**Task description:** Nothing in the records should differ when you write them out again.
◆ ◆ ◆ ◆ ◆
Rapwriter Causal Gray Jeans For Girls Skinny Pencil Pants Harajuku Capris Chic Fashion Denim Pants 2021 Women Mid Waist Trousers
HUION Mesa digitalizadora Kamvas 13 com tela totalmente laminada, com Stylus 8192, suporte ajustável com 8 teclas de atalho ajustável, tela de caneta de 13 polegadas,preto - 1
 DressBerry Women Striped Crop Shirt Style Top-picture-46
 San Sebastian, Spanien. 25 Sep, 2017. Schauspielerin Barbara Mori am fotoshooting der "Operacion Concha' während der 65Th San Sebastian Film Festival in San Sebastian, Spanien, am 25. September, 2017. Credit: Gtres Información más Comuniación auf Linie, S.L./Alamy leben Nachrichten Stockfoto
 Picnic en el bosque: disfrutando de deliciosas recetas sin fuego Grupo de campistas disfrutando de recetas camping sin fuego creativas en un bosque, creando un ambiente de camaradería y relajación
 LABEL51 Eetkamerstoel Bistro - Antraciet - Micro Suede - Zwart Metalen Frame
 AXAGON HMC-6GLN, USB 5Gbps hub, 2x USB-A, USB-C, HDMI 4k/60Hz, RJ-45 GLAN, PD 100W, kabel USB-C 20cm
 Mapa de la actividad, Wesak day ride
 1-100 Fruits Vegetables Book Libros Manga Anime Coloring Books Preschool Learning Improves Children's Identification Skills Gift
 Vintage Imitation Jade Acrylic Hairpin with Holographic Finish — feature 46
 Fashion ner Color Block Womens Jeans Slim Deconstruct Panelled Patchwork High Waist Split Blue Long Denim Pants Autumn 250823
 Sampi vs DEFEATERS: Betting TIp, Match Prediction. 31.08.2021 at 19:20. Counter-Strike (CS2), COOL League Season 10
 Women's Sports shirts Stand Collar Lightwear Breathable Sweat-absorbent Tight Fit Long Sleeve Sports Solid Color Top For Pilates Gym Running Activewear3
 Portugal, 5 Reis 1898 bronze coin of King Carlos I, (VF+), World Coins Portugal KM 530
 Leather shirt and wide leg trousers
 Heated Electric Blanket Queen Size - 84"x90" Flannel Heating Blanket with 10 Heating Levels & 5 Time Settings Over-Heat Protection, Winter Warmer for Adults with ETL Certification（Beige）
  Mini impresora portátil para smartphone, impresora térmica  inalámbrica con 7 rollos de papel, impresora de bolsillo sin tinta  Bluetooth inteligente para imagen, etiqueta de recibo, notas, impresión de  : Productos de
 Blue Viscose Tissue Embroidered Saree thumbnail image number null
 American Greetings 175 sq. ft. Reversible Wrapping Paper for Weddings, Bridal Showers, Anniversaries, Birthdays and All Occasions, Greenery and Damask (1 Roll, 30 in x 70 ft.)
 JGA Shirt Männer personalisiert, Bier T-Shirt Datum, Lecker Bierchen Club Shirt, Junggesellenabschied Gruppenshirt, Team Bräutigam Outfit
◆ ◆ ◆ ◆ ◆
**Solution:**
Rapwriter Causal Gray Jeans For Girls Skinny Pencil Pants Harajuku Capris Chic Fashion Denim Pants 2021 Women Mid Waist Trousers
HUION Mesa digitalizadora Kamvas 13 com tela totalmente laminada, com Stylus 8192, suporte ajustável com 8 teclas de atalho ajustável, tela de caneta de 13 polegadas,preto - 1
 DressBerry Women Striped Crop Shirt Style Top-picture-46
 San Sebastian, Spanien. 25 Sep, 2017. Schauspielerin Barbara Mori am fotoshooting der "Operacion Concha' während der 65Th San Sebastian Film Festival in San Sebastian, Spanien, am 25. September, 2017. Credit: Gtres Información más Comuniación auf Linie, S.L./Alamy leben Nachrichten Stockfoto
 Picnic en el bosque: disfrutando de deliciosas recetas sin fuego Grupo de campistas disfrutando de recetas camping sin fuego creativas en un bosque, creando un ambiente de camaradería y relajación
 LABEL51 Eetkamerstoel Bistro - Antraciet - Micro Suede - Zwart Metalen Frame
 AXAGON HMC-6GLN, USB 5Gbps hub, 2x USB-A, USB-C, HDMI 4k/60Hz, RJ-45 GLAN, PD 100W, kabel USB-C 20cm
 Mapa de la actividad, Wesak day ride
 1-100 Fruits Vegetables Book Libros Manga Anime Coloring Books Preschool Learning Improves Children's Identification Skills Gift
 Vintage Imitation Jade Acrylic Hairpin with Holographic Finish — feature 46
 Fashion ner Color Block Womens Jeans Slim Deconstruct Panelled Patchwork High Waist Split Blue Long Denim Pants Autumn 250823
 Sampi vs DEFEATERS: Betting TIp, Match Prediction. 31.08.2021 at 19:20. Counter-Strike (CS2), COOL League Season 10
 Women's Sports shirts Stand Collar Lightwear Breathable Sweat-absorbent Tight Fit Long Sleeve Sports Solid Color Top For Pilates Gym Running Activewear3
 Portugal, 5 Reis 1898 bronze coin of King Carlos I, (VF+), World Coins Portugal KM 530
 Leather shirt and wide leg trousers
 Heated Electric Blanket Queen Size - 84"x90" Flannel Heating Blanket with 10 Heating Levels & 5 Time Settings Over-Heat Protection, Winter Warmer for Adults with ETL Certification（Beige）
  Mini impresora portátil para smartphone, impresora térmica  inalámbrica con 7 rollos de papel, impresora de bolsillo sin tinta  Bluetooth inteligente para imagen, etiqueta de recibo, notas, impresión de  : Productos de
 Blue Viscose Tissue Embroidered Saree thumbnail image number null
 American Greetings 175 sq. ft. Reversible Wrapping Paper for Weddings, Bridal Showers, Anniversaries, Birthdays and All Occasions, Greenery and Damask (1 Roll, 30 in x 70 ft.)
 JGA Shirt Männer personalisiert, Bier T-Shirt Datum, Lecker Bierchen Club Shirt, Junggesellenabschied Gruppenshirt, Team Bräutigam Outfit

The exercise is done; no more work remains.